Ideally, you should have a mix of wheeled and tracked infantry carriers. The key question you have to answer is, "What do we want to do with this combat system?" If you're planning on fighting on a heavy mechanized battlefield, than something like the Bradley is the ticket. But, if it's peace enforcement/peace keeping or force projection, than wheels may be a better choice. But, the budget dictates what you can afford to procure. When an army purchases anything, it has to consider everything from initial development costs, to life cycle rebuilds and spares to fuel costs over 20-25 years. Right now, the GDLS tank plant in Lima, Ohio is rebuilding old M1 hulls and turrets from the early 80s into brand new M1A2 tanks. Who else could afford that?


----------



## 1feral1 (29 Jun 2006)

cody630 said:
			
		

> i think we should buy some Bradly's they are better the the lavs and they won't tip over as much as the lavs they have better fire power then the lavs



Standard armament of GM's LAV and Bradley AFV? Strange, I thought all M242 25mm CGs were the same, but what do I know about LAVs, as it looks like Cody is the SME here.

Wes


----------



## TangoTwoBravo (29 Jun 2006)

Cody,

Red 6 gave you an excellent run-down on the Bradley, and I'll just amplify his post.

It is good that you want the best kit for the army, but I don't think that simply buying Bradleys would help us right now.  In fact, we are looking pretty good with regards to AFVs in this theatre.  The main advantages of the Bradley (we'll focus on the M2) over the LAV III are its tracks and its TOW.  

The tracks on the Bradley are an advantage in soft terrain, but the LAV with its wheels has off-setting advantages in other areas.  We've been down the wheels vs tracks lane a few times.

The TOW is an advantage if you are expecting enemy armour.  Not so much of an issue where we are, and putting a TOW launcher on the LAV turret is an option (we've also been around this axle a few times).

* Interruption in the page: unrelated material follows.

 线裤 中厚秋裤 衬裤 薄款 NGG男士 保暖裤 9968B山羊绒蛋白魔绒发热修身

Both LAVs and Bradleys have a high centre of gravity.  Bradleys have tipped/flipped.  Armour protection details are classified, but the M2 and LAV III will be roughly comparable.  Bradleys have been killed by IEDs in Iraq.

For the theatre we are in now the LAV III is the right vehicle.  In fact, the LAV III is pretty much the big dog here.  It has operational mobility, tactical mobility, protection and firepower.

Cheers,

2B

p.s.  Read a little more and post less for a little while.  Its often a good idea to just lurk for a while.


----------



## Bzzliteyr (29 Jun 2006)

Even tanks flip when put in the right circumstances.


----------



## Red 6 (29 Jun 2006)

The Bradley and LAV both mount the M242 25mm cannon and the M240 coax. The Bradley mounts the TOW heavy AT missile. That's the only difference in terms of weapon.


----------



## Colin Parkinson (29 Jun 2006)

If we are getting a tracked IFV, I think the CV-90 family would be a better fit for us, a larger selection of vehicles types within. I think Canada owning tracks is important, but in conjunction with the LAV family not either or.


----------



## McG (29 Jun 2006)

2Bravo said:
			
		

> The TOW is an advantage if you are expecting enemy armour.  Not so much of an issue where we are, and putting a TOW launcher on the LAV turret is an option (we've also been around this axle a few times).

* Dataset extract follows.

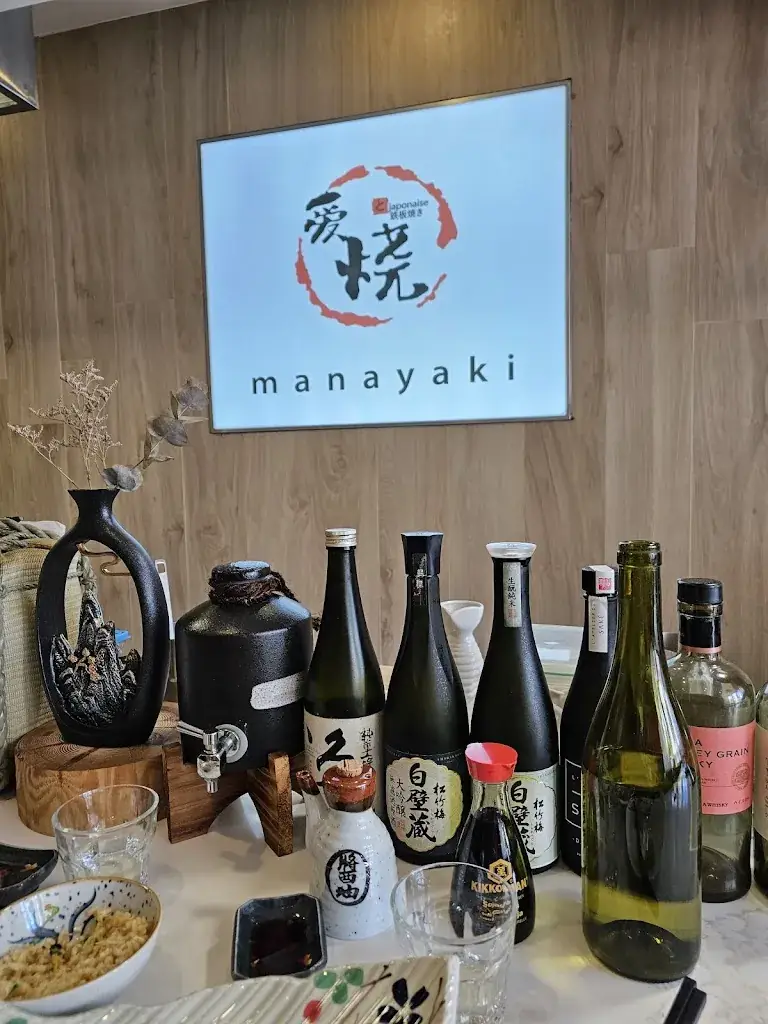 Alex Bourg_Manayaki_Montrouge_review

Two launchers with 1 missile each (compared to one launcer with two missiles on the Bradley).



			
				Colin P said:
			
		

> I think Canada owning tracks is important, but in conjunction with the LAV family not either or.


http://forums.army.ca/forums/threads/28681.0.html


----------



## Bobbyoreo (29 Jun 2006)

Sorry dont have any links but the Bradley had alot of problems when it came into service and the cost was huge.


----------



## Canadian.Trucker (29 Jun 2006)

I would say that the LAV III has held it's own, and can compete quite well with the Bradley.  The reports from Afghanistan is that it's the right vehicle for the task at hand.  I've seen images of LAV's that have been hit with IED's and other Anti-vehicle weaponry and it's rather amazing the punishment that these vehicles have taken and can still stay in the fight with limited mobility.  The LAV III has proven to be a versatile vehicle and a great piece of equipment for the army.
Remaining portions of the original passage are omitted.